[Short web captions]
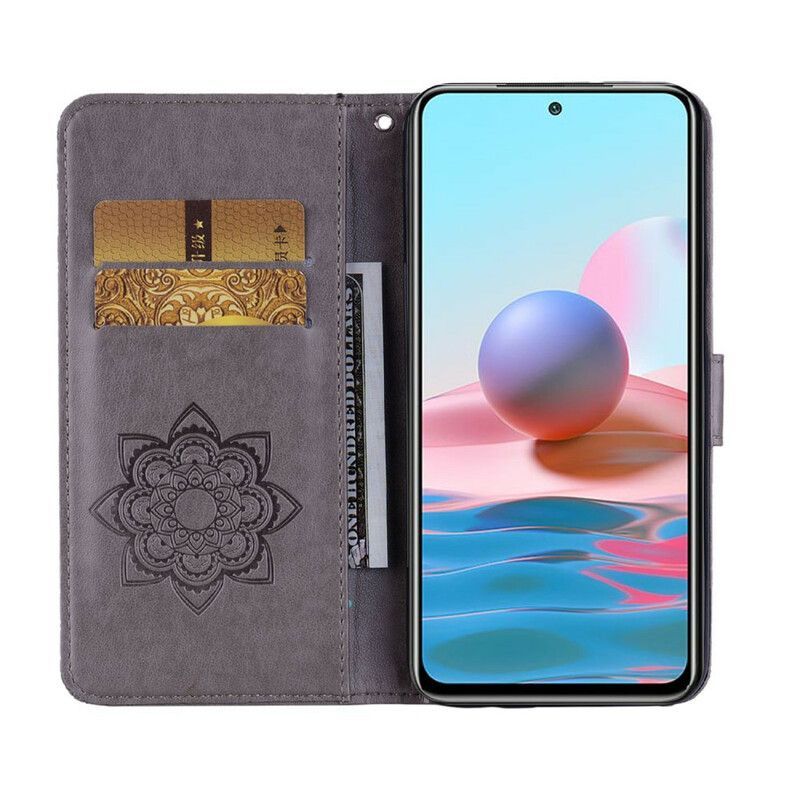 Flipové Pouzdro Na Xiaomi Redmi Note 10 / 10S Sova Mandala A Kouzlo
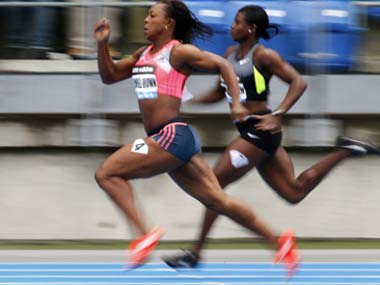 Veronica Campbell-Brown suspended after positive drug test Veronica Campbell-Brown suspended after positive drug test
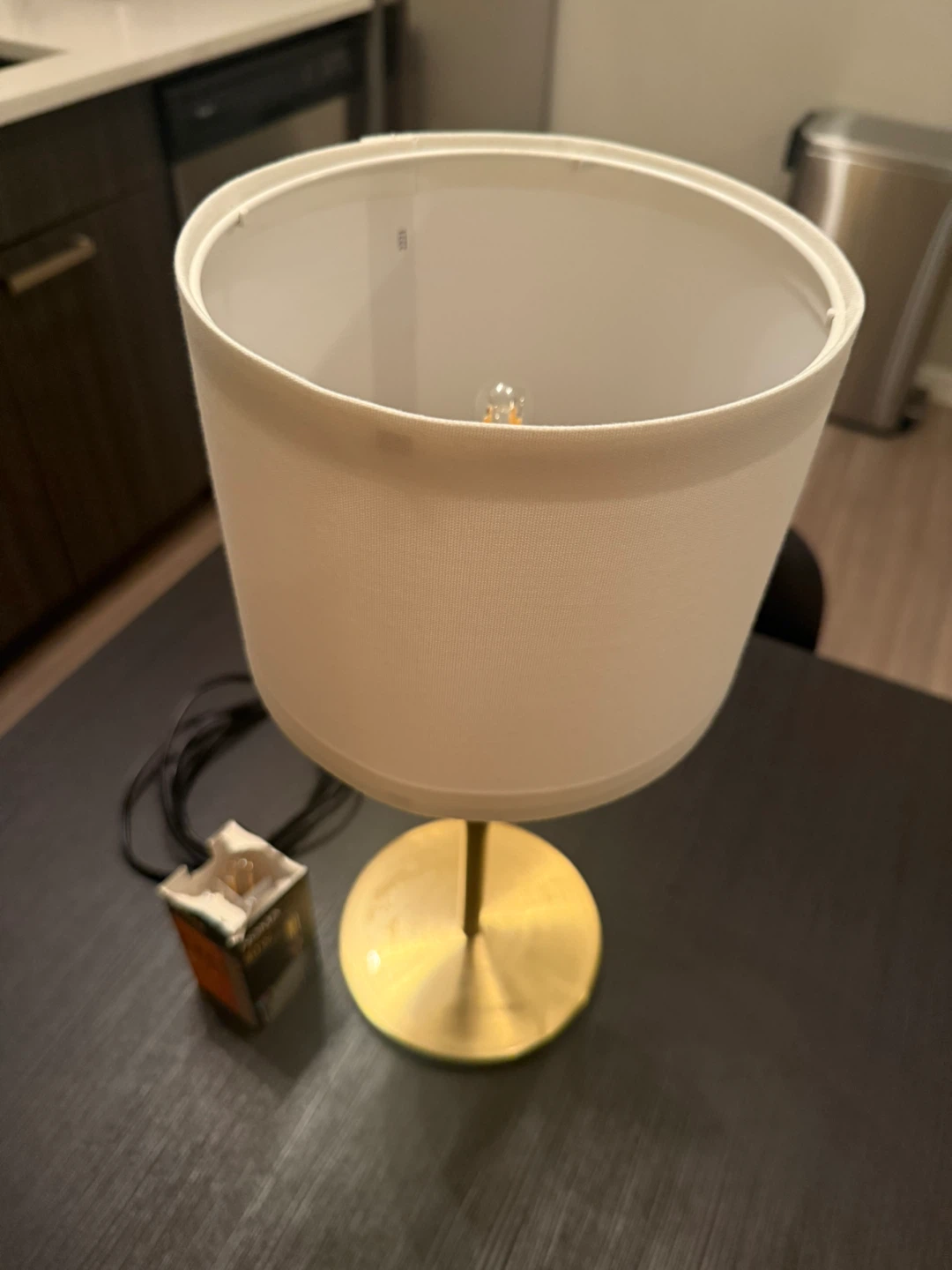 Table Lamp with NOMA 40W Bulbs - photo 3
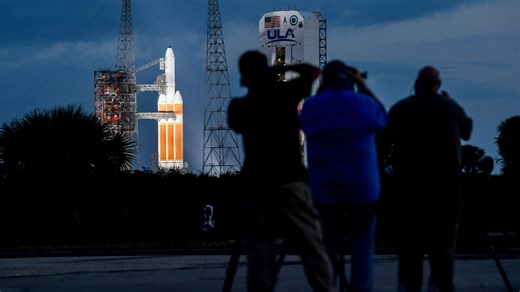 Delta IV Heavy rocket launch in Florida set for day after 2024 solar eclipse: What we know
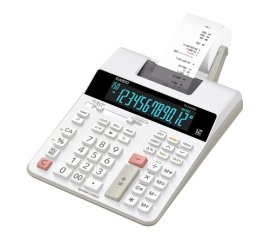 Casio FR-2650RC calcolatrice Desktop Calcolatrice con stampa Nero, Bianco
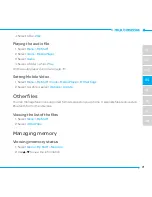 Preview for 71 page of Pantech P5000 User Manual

TASK>
Each entry above should be copied exactly. The pictures should not.

ANSWER AREA>
 Flipové Pouzdro Na Xiaomi Redmi Note 10 / 10S Sova Mandala A Kouzlo
 Veronica Campbell-Brown suspended after positive drug test Veronica Campbell-Brown suspended after positive drug test
 Table Lamp with NOMA 40W Bulbs - photo 3
 Delta IV Heavy rocket launch in Florida set for day after 2024 solar eclipse: What we know
 Casio FR-2650RC calcolatrice Desktop Calcolatrice con stampa Nero, Bianco
 Preview for 71 page of Pantech P5000 User Manual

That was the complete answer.